TASK INSTRUCTIONS
Using the line with "Primeiro Acesso Selecionando" as your starting point, transcribe it and each line beneath it word for word until the records run out, without pictures.

DATA RECORDS

- - -

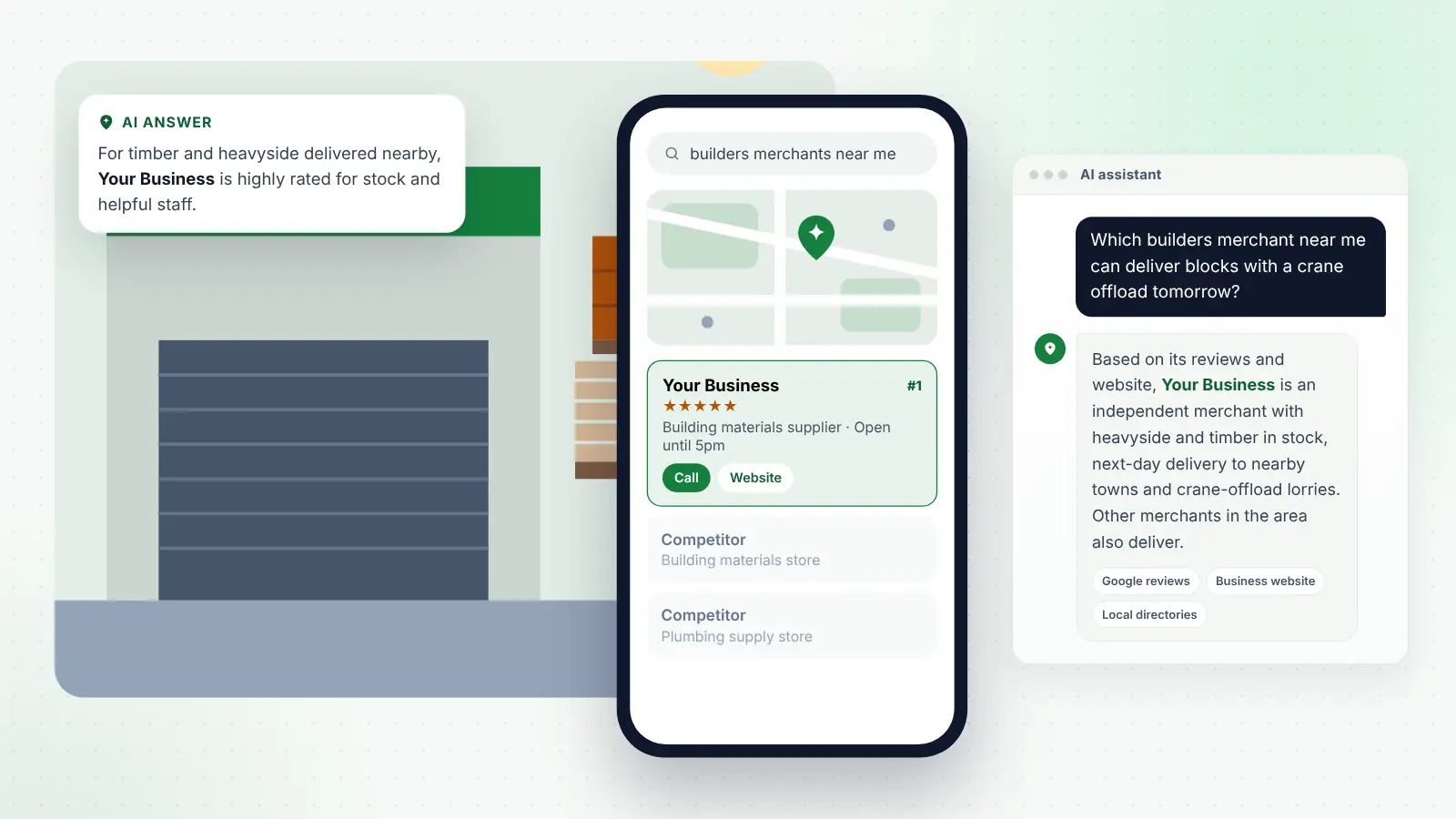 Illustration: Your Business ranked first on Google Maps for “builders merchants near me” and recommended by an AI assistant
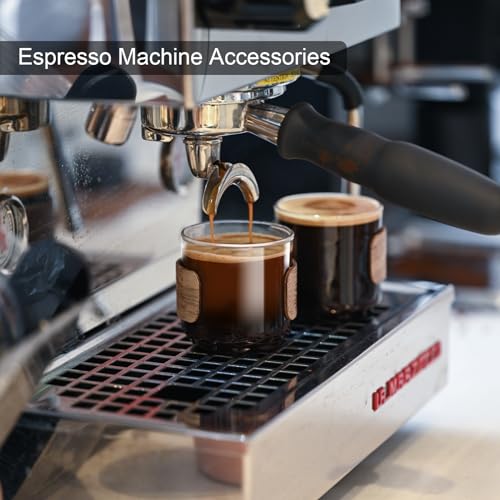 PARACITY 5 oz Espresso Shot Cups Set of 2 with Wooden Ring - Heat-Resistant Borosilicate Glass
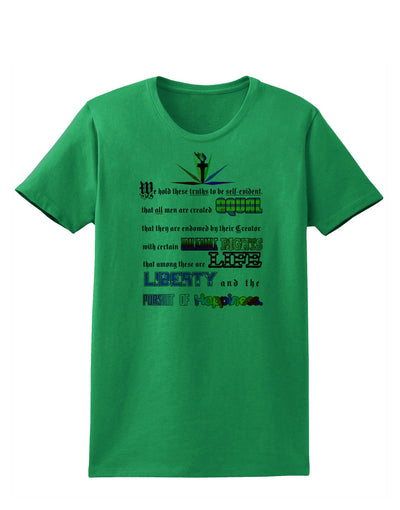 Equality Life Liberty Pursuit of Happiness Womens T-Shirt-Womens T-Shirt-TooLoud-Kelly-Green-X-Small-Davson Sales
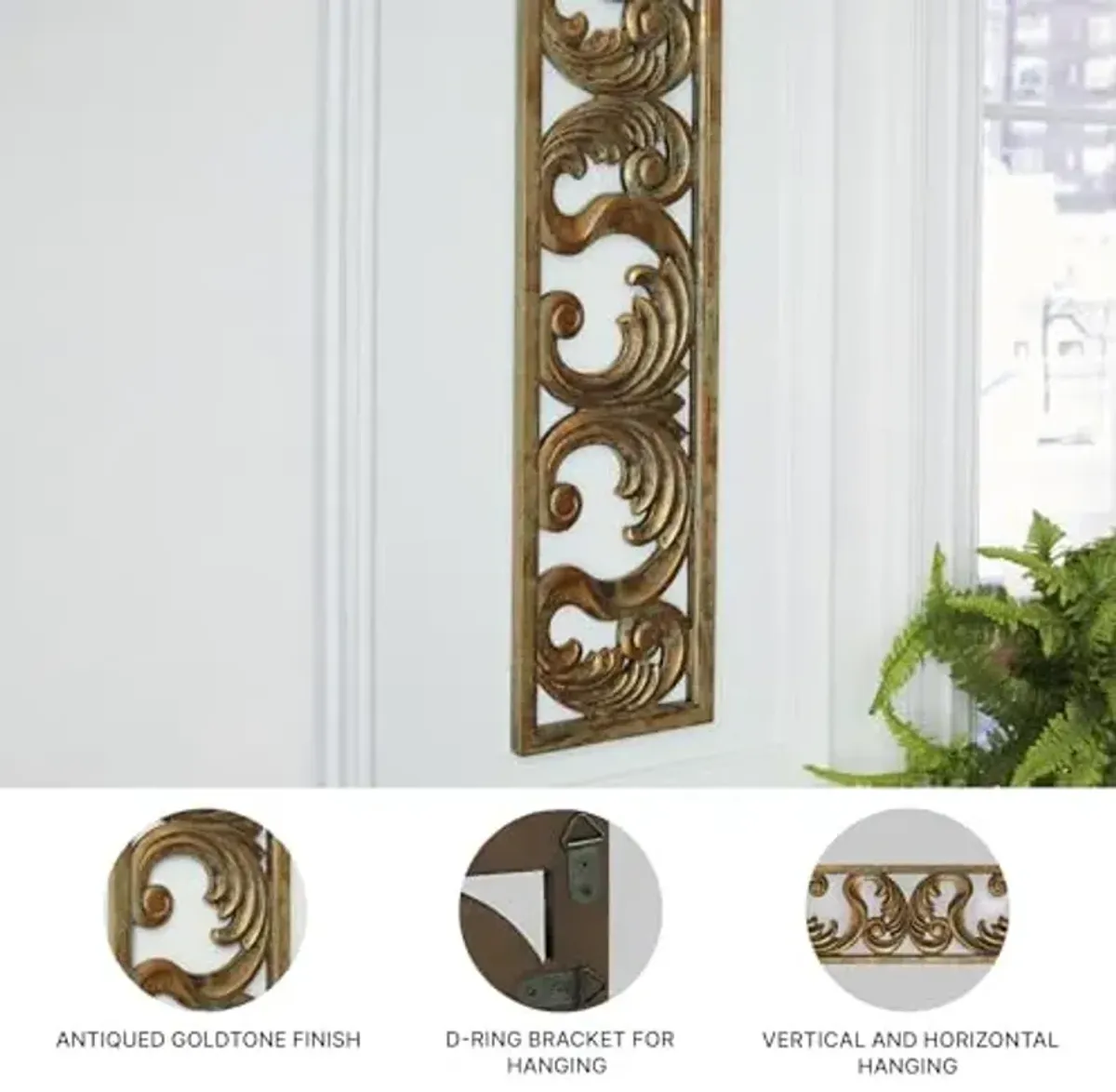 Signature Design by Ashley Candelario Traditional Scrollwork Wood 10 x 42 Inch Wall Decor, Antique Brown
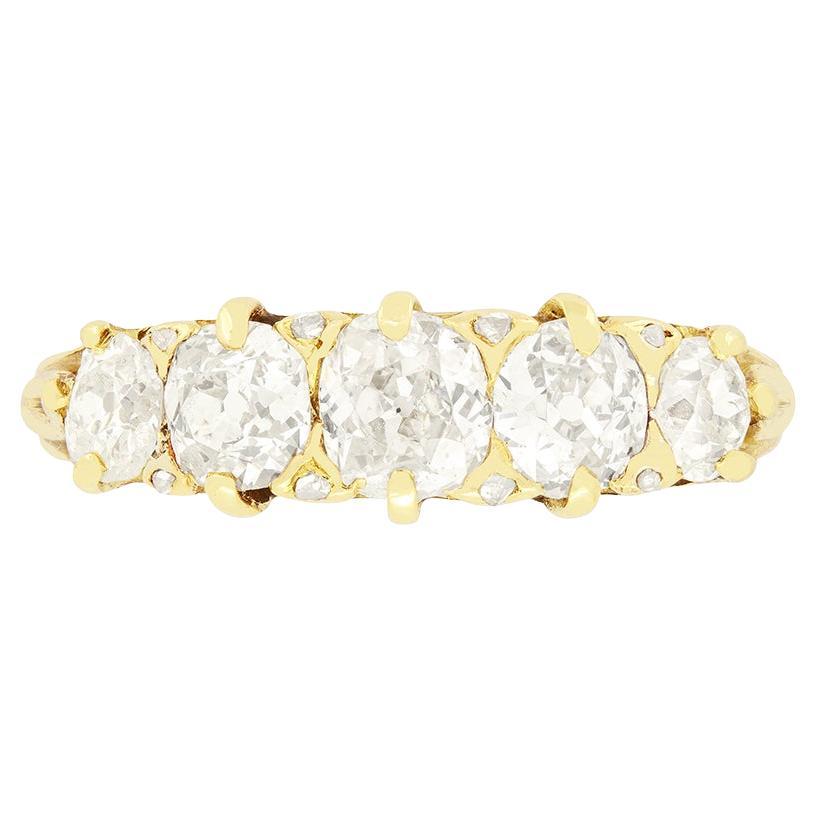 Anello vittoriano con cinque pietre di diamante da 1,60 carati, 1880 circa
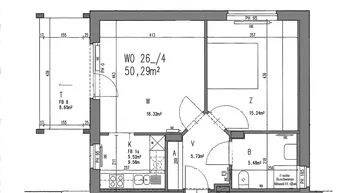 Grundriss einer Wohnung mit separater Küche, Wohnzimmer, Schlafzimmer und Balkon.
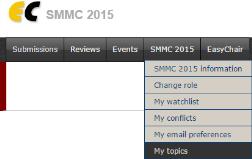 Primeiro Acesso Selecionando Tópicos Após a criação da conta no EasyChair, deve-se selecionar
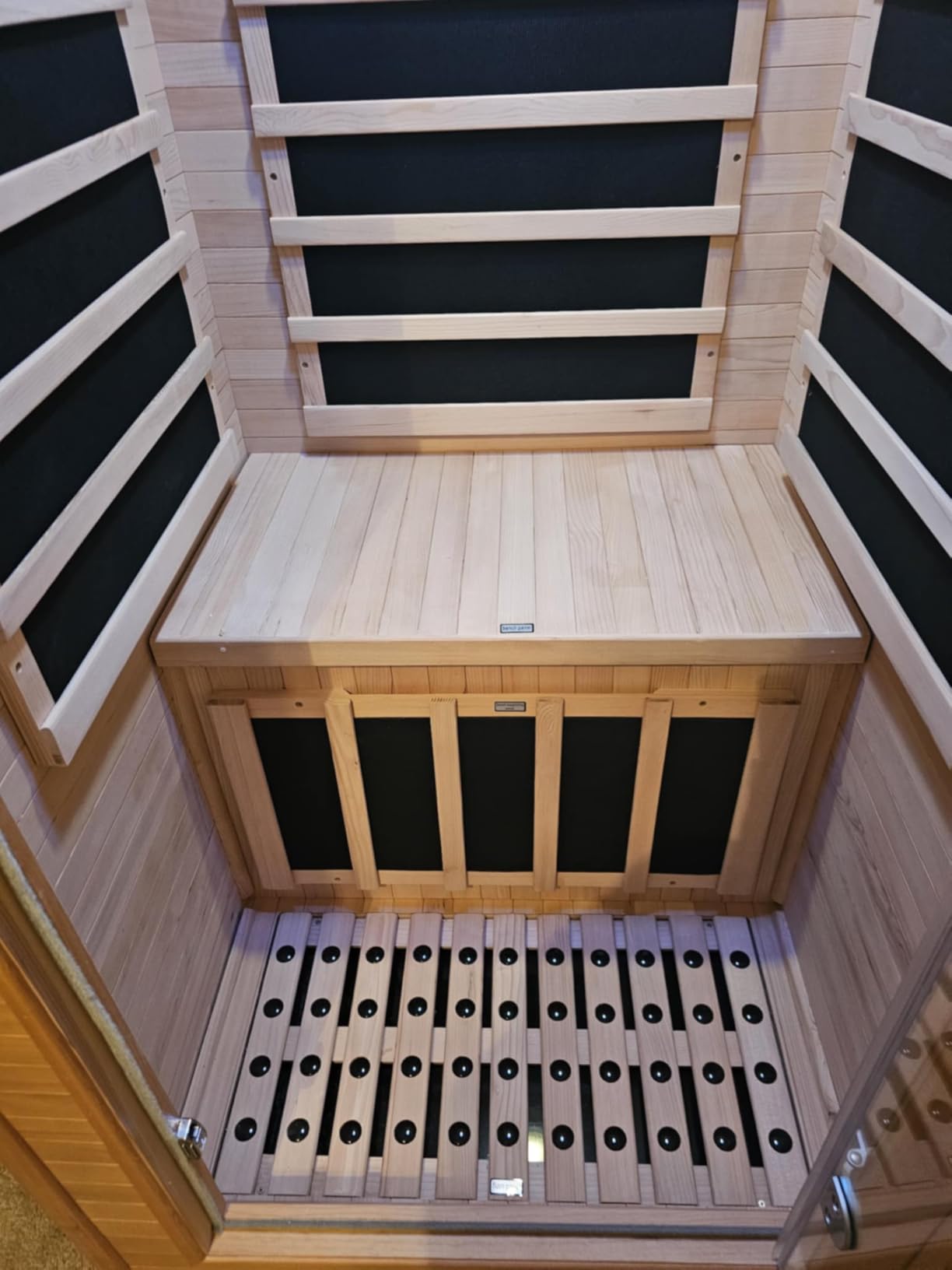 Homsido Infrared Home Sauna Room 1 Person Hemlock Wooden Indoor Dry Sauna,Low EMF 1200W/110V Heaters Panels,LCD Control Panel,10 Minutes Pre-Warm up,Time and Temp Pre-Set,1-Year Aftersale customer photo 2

- - -

SOLUTION TO THE PROBLEM
 Primeiro Acesso Selecionando Tópicos Após a criação da conta no EasyChair, deve-se selecionar
 Homsido Infrared Home Sauna Room 1 Person Hemlock Wooden Indoor Dry Sauna,Low EMF 1200W/110V Heaters Panels,LCD Control Panel,10 Minutes Pre-Warm up,Time and Temp Pre-Set,1-Year Aftersale customer photo 2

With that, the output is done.